Task prompt: Copying exactly, give the lines in the material below from the one with "product-image-AAA31019_IHC19.jpg" to the one with "Como evitar la", ends included, and nothing besides.

Input data:

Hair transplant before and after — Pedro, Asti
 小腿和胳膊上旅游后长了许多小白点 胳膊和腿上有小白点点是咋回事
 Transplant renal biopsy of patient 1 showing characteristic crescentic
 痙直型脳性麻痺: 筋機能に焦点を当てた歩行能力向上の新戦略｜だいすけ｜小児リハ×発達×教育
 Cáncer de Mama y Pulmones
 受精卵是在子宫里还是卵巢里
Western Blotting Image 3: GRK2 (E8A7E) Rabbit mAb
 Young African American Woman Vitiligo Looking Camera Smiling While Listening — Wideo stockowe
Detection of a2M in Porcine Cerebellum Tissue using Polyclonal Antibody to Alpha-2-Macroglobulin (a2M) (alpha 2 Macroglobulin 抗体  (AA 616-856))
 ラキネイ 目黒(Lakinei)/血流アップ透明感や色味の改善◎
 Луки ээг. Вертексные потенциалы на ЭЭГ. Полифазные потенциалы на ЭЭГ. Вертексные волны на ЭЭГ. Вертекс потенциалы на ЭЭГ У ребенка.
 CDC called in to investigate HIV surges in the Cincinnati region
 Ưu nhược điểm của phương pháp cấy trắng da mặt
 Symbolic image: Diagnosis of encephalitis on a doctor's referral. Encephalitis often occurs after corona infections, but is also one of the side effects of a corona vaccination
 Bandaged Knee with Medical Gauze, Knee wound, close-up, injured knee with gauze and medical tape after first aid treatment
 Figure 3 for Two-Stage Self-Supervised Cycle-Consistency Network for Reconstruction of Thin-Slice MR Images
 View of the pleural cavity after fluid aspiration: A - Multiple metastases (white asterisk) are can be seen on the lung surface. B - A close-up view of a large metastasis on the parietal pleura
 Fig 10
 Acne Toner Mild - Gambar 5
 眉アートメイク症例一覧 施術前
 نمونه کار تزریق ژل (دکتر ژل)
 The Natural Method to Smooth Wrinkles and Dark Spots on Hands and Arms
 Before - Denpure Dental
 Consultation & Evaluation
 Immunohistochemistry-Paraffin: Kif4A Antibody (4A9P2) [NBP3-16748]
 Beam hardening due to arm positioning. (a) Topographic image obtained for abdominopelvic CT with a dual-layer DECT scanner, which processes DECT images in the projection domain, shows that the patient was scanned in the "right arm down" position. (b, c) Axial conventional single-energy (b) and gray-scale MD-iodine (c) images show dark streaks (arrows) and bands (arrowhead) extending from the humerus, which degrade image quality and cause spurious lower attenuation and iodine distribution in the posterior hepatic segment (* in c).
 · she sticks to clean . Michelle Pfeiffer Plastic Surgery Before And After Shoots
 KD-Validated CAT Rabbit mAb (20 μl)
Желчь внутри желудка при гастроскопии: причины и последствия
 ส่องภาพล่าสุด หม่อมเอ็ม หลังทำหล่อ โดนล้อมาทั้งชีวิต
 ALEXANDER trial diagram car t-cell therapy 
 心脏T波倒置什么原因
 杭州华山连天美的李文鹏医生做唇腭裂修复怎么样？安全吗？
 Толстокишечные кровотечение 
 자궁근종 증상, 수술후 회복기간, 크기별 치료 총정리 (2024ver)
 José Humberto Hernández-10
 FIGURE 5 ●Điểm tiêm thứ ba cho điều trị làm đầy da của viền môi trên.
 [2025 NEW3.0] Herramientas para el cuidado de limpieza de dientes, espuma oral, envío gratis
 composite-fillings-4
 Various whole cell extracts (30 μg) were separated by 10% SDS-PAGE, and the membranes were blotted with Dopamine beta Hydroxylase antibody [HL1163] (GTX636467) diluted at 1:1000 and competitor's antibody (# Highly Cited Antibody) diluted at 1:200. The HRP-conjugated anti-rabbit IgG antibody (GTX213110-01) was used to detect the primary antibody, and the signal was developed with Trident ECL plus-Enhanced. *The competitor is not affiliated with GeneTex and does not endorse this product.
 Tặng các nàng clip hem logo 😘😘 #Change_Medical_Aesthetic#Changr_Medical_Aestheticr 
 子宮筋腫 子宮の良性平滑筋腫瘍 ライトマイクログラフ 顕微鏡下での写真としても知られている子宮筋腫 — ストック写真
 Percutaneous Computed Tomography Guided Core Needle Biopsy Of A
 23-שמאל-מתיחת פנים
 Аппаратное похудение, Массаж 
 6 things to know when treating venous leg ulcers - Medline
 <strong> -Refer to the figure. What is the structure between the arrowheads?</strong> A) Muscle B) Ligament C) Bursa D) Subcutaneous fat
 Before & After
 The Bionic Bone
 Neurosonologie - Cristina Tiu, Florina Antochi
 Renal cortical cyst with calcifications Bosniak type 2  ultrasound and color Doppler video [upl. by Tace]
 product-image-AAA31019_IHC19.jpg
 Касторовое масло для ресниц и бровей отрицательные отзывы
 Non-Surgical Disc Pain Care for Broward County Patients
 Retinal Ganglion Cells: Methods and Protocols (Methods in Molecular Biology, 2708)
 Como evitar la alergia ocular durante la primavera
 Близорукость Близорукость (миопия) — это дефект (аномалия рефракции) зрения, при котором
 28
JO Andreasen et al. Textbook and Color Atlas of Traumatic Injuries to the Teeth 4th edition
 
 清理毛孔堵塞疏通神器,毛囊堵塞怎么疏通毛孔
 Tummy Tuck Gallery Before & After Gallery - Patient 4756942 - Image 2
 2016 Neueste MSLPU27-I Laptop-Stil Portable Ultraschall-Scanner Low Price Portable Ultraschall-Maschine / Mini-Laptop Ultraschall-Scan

Reply:
 product-image-AAA31019_IHC19.jpg
 Касторовое масло для ресниц и бровей отрицательные отзывы
 Non-Surgical Disc Pain Care for Broward County Patients
 Retinal Ganglion Cells: Methods and Protocols (Methods in Molecular Biology, 2708)
 Como evitar la alergia ocular durante la primavera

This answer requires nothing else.